# [PROBLEM DETAILS]
Copy every line below that has the word "with" in it.

───

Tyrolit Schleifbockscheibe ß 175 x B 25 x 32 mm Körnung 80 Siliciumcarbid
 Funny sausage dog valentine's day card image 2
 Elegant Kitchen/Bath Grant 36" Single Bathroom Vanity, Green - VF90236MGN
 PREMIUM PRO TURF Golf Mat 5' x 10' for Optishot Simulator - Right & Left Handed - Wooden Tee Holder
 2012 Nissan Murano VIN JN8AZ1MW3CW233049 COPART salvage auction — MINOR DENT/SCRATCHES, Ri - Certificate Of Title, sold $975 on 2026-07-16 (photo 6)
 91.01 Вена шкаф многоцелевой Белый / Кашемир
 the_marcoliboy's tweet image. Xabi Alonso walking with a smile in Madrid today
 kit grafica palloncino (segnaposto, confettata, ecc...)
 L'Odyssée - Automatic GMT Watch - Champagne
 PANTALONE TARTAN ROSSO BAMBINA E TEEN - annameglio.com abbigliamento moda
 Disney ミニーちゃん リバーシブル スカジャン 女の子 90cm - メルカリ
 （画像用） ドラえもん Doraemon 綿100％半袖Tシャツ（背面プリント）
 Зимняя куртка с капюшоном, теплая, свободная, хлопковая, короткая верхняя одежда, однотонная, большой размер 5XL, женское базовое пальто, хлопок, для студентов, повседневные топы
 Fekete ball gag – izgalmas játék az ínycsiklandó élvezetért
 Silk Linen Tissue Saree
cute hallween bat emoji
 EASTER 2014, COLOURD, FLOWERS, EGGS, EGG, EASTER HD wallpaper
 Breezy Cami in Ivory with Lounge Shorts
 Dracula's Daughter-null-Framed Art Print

───

# [PROBLEM SOLUTION]
 the_marcoliboy's tweet image. Xabi Alonso walking with a smile in Madrid today
 Breezy Cami in Ivory with Lounge Shorts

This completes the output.